Will virtual namespace support special:Linksearch?

Will virtual namespace support special:Linksearch?

Neither would - Special:LinkSearch is for external links, and the ISBNs link to Special:Booksources, which is on the same wiki.

Will virtual namespace support special:Linksearch?

Neither would - Special:LinkSearch is for external links, and the ISBNs link to Special:Booksources, which is on the same wiki.

Sorry, I did a mistake. I meant special:whatlinkshere!

I'd be fine with either one, although if a parser function is chosen, I don't think it should include a #. That seems to me to be invoking the idea of the C preprocessor (lke #if and friends), which is not really relevant here.

I like the idea of {{isbn|0-7475-3269-9}} possibly?

  • Not a fan of the # sign
  • Pipe seems more logical than : but I defer to the experts here
  • I use {{OCLC|123456}} all the time. This seems to be similar, assuming?

Is there a consensus as to the placement of the dashes? That drives me bonkers.

Also, will this linking work retroactively to incorporate 10 digit ISBNs?

Apologies if these are tangential to the discussion.

No # means you'd have to deal with all the wikis which have a template by that name.

No # means you'd have to deal with all the wikis which have a template by that name.

I don't think so.
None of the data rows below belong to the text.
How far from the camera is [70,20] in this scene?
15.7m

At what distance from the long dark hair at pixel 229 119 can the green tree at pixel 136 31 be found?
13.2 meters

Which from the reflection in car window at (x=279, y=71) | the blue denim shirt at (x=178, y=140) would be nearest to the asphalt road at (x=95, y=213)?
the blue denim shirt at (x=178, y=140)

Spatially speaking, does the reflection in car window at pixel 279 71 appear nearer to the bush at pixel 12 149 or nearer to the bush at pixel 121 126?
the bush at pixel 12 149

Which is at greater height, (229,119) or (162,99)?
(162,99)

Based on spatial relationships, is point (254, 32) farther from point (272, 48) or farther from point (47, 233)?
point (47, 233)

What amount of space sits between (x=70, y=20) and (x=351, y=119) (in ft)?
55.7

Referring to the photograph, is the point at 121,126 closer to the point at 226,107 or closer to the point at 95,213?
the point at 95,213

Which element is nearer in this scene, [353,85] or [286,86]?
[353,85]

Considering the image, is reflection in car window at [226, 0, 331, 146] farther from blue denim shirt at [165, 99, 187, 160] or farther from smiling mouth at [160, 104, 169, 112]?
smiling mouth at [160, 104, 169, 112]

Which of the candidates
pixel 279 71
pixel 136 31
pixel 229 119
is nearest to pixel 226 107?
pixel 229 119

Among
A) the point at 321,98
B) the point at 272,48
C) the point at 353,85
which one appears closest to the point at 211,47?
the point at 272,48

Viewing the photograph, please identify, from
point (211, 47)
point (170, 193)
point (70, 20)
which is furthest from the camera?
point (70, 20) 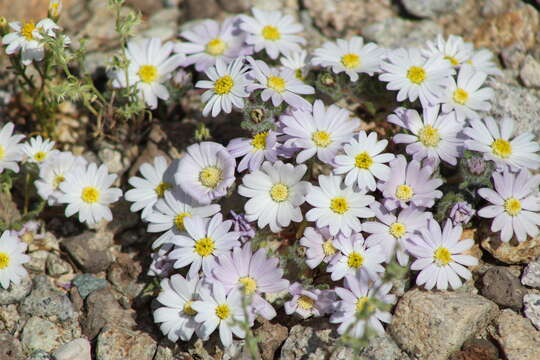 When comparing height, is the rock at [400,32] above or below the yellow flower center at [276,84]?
below

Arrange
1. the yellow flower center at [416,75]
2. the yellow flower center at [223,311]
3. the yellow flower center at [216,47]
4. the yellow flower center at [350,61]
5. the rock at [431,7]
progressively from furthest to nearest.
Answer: the rock at [431,7] → the yellow flower center at [216,47] → the yellow flower center at [350,61] → the yellow flower center at [416,75] → the yellow flower center at [223,311]

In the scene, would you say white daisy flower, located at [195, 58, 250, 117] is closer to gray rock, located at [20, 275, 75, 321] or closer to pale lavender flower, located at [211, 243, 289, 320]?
pale lavender flower, located at [211, 243, 289, 320]

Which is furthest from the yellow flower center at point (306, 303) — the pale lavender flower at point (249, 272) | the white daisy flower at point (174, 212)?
the white daisy flower at point (174, 212)

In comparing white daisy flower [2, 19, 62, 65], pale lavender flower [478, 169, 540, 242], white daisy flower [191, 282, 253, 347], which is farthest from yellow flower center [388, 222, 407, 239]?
white daisy flower [2, 19, 62, 65]

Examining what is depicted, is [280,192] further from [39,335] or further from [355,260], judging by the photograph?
[39,335]

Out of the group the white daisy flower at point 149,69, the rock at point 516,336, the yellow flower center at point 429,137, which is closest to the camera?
the rock at point 516,336

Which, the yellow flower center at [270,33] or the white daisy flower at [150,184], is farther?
the yellow flower center at [270,33]

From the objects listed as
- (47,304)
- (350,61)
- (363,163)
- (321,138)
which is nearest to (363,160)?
(363,163)

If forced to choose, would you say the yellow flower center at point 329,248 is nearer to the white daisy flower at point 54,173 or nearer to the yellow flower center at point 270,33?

The MW parser is smart enough to notice that {{ucfirst|xxx}} and {{ucfirst}} are calls to Template:Ucfirst, while {{ucfirst:xxx}} is a call to the parser function (see https://test.wikipedia.org/wiki/Ucfirst_test). So the same would surely hold true for ISBNs.

One of the benefits of using a template is that it allows for easy validation of ISBNs, the display of error messages for invalid ISBNs, and categorization of pages with invalid ISBNs. Are those features available with parser functions?
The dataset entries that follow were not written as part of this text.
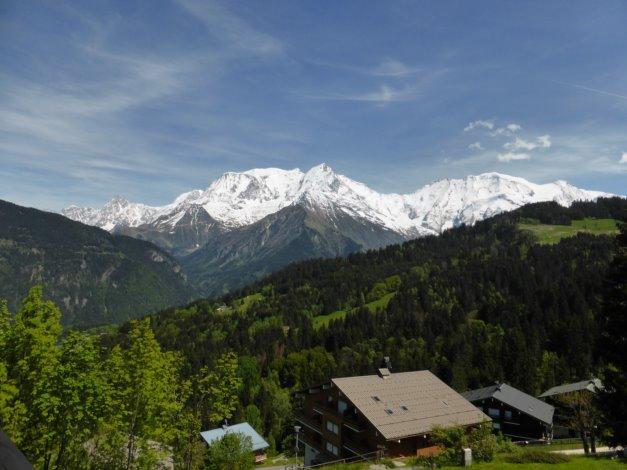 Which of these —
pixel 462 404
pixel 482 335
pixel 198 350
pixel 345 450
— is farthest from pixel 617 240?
pixel 198 350

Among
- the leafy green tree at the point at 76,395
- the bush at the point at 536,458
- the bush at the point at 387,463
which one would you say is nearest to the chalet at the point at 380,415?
the bush at the point at 387,463

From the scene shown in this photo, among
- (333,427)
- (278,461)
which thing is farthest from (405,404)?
(278,461)

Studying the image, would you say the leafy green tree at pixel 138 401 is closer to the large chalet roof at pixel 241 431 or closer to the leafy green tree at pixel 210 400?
the leafy green tree at pixel 210 400

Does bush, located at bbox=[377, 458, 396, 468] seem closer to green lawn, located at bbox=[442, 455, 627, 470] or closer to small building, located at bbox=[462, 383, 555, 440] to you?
green lawn, located at bbox=[442, 455, 627, 470]

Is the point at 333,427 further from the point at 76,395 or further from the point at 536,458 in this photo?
the point at 76,395

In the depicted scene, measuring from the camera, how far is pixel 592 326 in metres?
139

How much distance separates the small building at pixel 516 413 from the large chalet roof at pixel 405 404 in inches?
1199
If not, I suppose a given WP could create a template that called the parser function and then adopt a guideline that the template is preferred, but that seems like a convoluted way to achieve basic functionality.

Should this be linked somehow to T47942 and T28207 to show some history? I don't know how to do that.

Sorry, I did a mistake. I meant special:whatlinkshere!

The answer is still neither then, as we currently don't track links to special pages.

One of the benefits of using a template is that it allows for easy validation of ISBNs, the display of error messages for invalid ISBNs, and categorization of pages with invalid ISBNs. Are those features available with parser functions?

Yes :) Parser functions are implemented in PHP server-side code, so in general they are more flexible and more featured (if wanted) than templates can.

No # means you'd have to deal with all the wikis which have a template by that name.

I don't think so. The MW parser is smart enough to notice that {{ucfirst|xxx}} and {{ucfirst}} are calls to Template:Ucfirst, while {{ucfirst:xxx}} is a call to the parser function (see https://test.wikipedia.org/wiki/Ucfirst_test). So the same would surely hold true for ISBNs.

Both {{#parserfunction1:}} and {{parserfunction2:}} formats are used depending on the parser function and from what I've seen there's no rhyme or reason (of course, you can review at [[Help:Magic words]]).

more featured (if wanted) than templates can

We have a number of identifier templates (and especially [[Module:Citation/CS1/Identifiers]]) with identifier validation, so I don't know that I agree with "more featured". Is there something we would want for identifiers that a module couldn't provide?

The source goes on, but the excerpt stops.